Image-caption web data
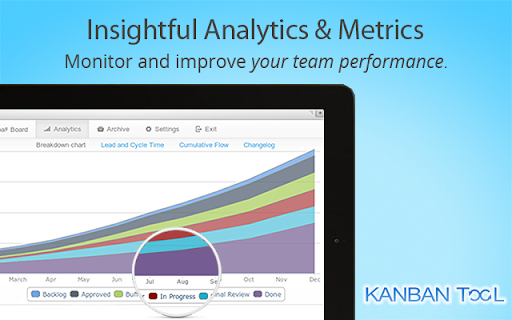 Insightful Analytics Metrics Monitor improve performance. KANBAN 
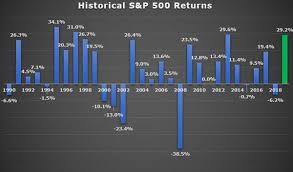 The s&p 500 index covers the 500 largest companies that are in the united states. I M Optimistic For The Market In 2020 Here S Why Nasdaq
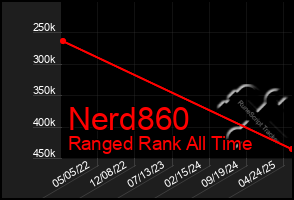 Total Graph of Nerd860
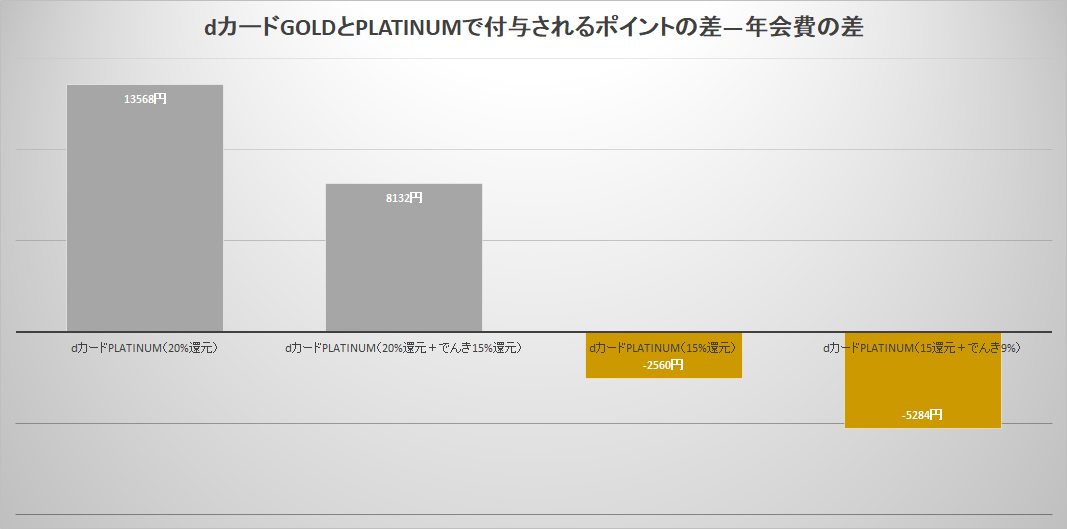 ショッピングが10万円超20万円未満の場合、もらえるポイントは増えるが年会費が上がる分を補いきれず、携帯代などのポイント還元だけだとdカードGOLDの方がお得になる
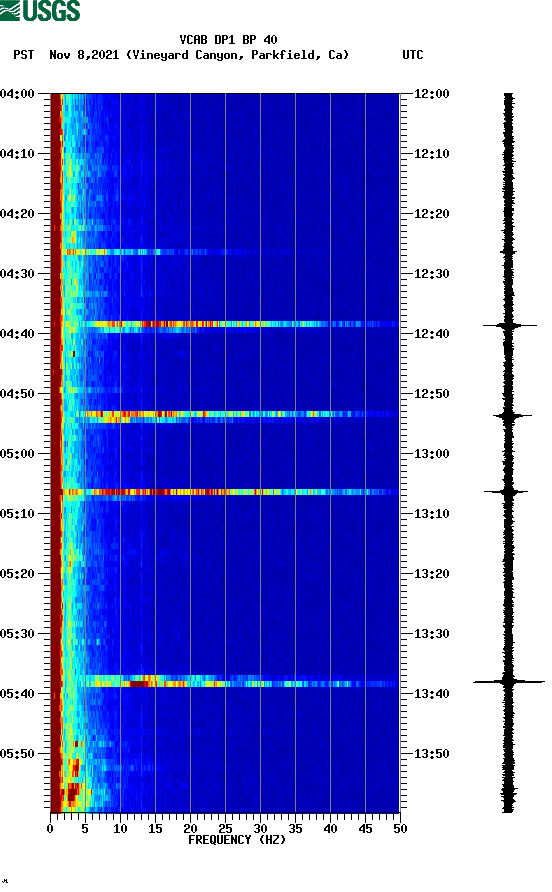 spectrogram plot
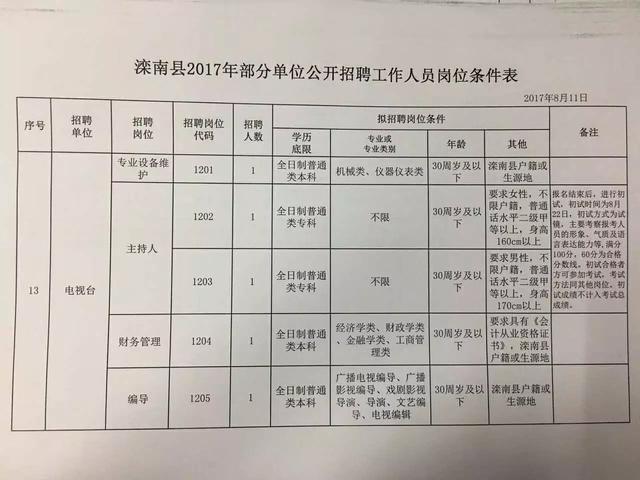 港闸区人民政府办公室最新招聘信息全解析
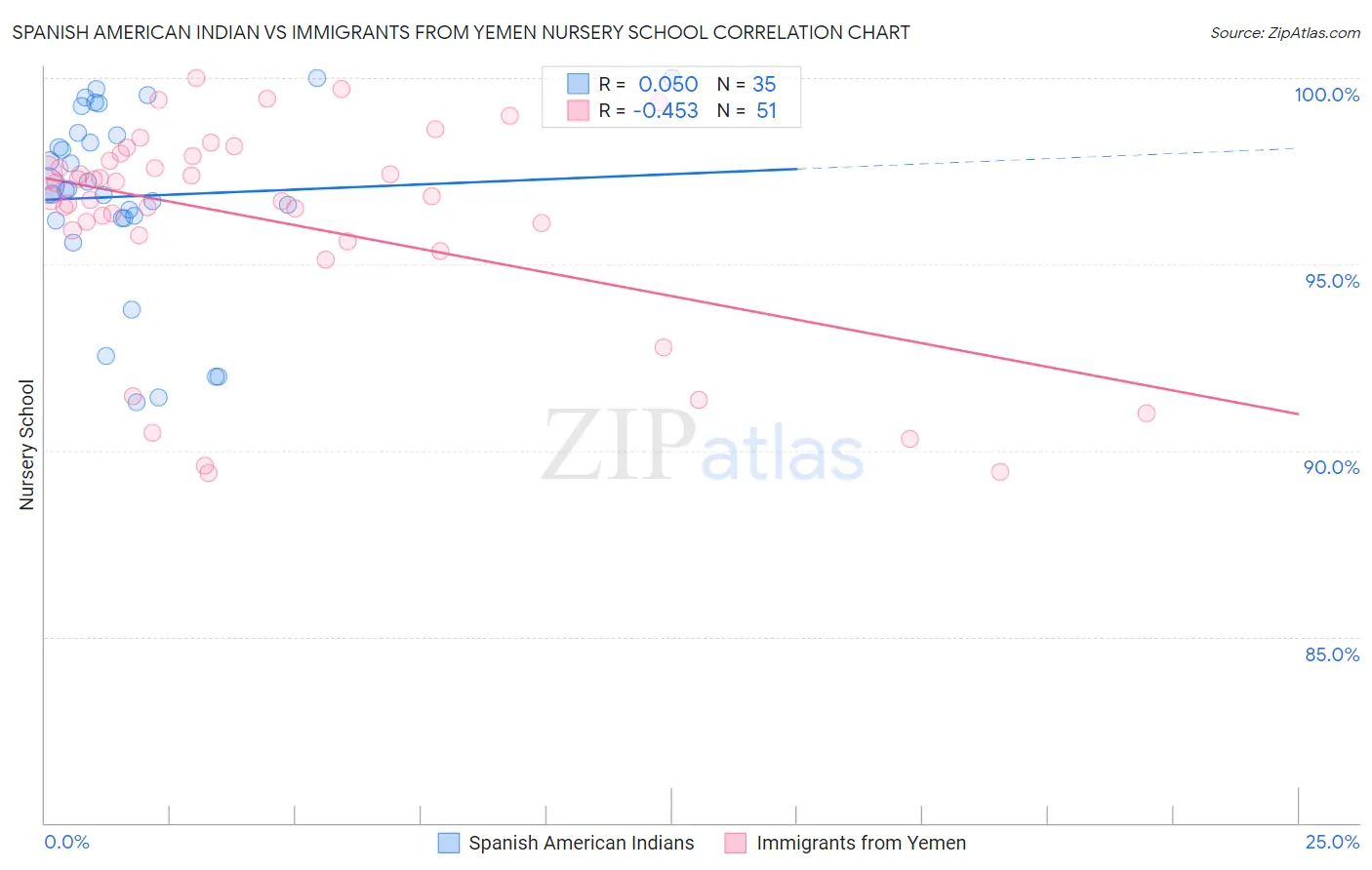 Spanish American Indian vs Immigrants from Yemen Nursery School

**BRIEF**
Omitting all pictures, copy the preceding entries without any alteration.

**EXERCISE OUTPUT**
 Insightful Analytics Metrics Monitor improve performance. KANBAN 
 The s&p 500 index covers the 500 largest companies that are in the united states. I M Optimistic For The Market In 2020 Here S Why Nasdaq
 Total Graph of Nerd860
 ショッピングが10万円超20万円未満の場合、もらえるポイントは増えるが年会費が上がる分を補いきれず、携帯代などのポイント還元だけだとdカードGOLDの方がお得になる
 spectrogram plot
 港闸区人民政府办公室最新招聘信息全解析
 Spanish American Indian vs Immigrants from Yemen Nursery School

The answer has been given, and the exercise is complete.